Bugün için, "bir taraf" "Ergenekon çetesi" olarak ortaya çıkarken, diğer taraf açık ve alenen AKP olmaktadır. İlk başlangıçta her iki "taraf" benzer araçları, yani "medya"yı kullanırken, giderek "hasımlık" sertleşmeye başlamış, fiili eylemler sözel faaliyetlerin önüne geçmiştir. Bu da "taraf"ların kullandıkları araçlar arasında eşitsizliğe yol açmıştır. AKP, bugün açık ve alenen devletin resmi zor güçlerinden polis teşkilatını "hasım" tarafı sindirmek, etkisizleştirmek amacıyla devreye sokmuştur. "Ergenekon çetesi" olarak adlandırılan diğer "taraf" ise, bu eşitsiz ve dengesiz güç kullanımıyla yüzyüze gelmişse de, "arka planda" devletin diğer ve temel resmi zor gücü olan ordunun "var" olduğu kanısıyla "en tehlikeli hasım" gibi gösterilmiştir. "Ergenekon iddianamesi"nde de görüldüğü gibi, bu "en tehlikeli hasım", tümüyle senaryolara dayalı, içi boş bir "hasım" durumundadır.

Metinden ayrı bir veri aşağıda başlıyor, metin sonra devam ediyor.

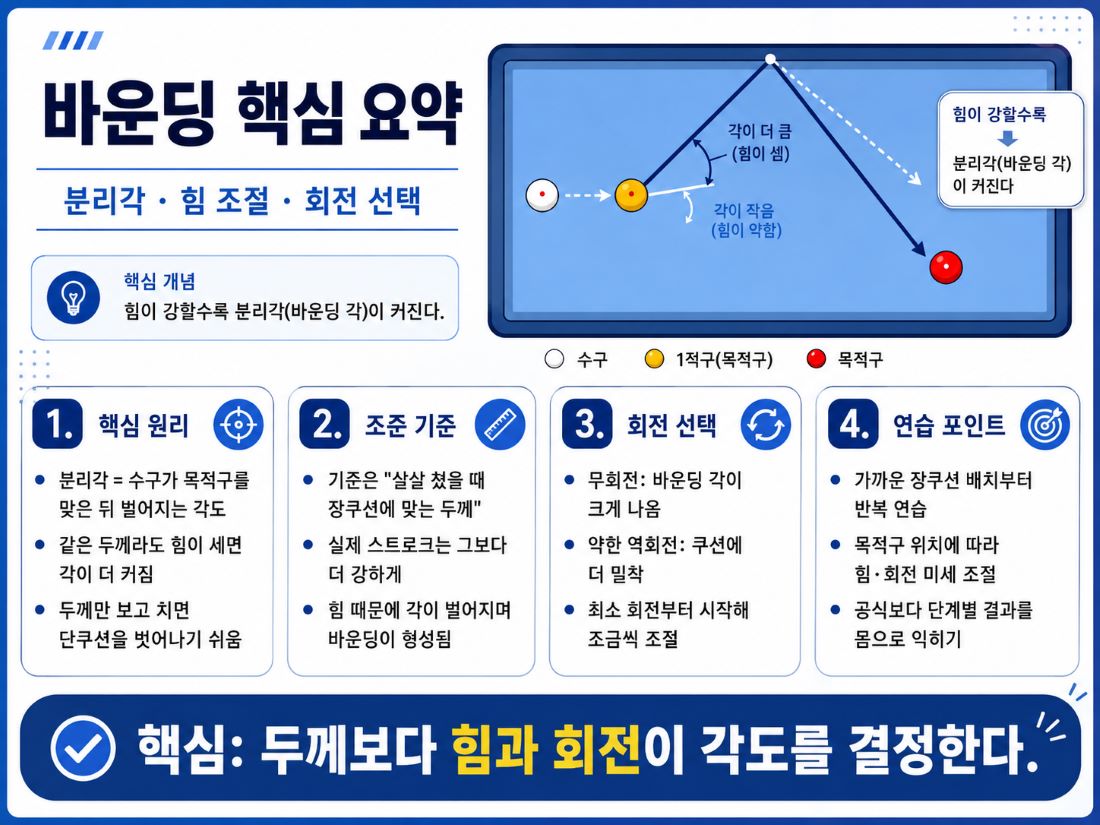 당구 바운딩 기술 핵심 내용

Bugün örtülü savaş, karşılıklı hamleler görünümü altında, eşitsiz ve dengesiz güç kullanımlarıyla ve güçlerin zımni varlığıyla sürdürülmektedir. Amaç, tarafların her birisinin diğerini kendi iradesine boyun eğmeye zorlamasıdır. Bu, açık bir savaş olmadığı için de, sonucu zımni anlaşmayla sonuçlanacaktır. Yine de örtülü savaşın araçları, şiddeti ve kapsamı, sonucun ne kadar zımni olup olmayacağını, fiili bir tasfiye ile sonuçlanıp sonuçlanmayacağını belirleyecektir.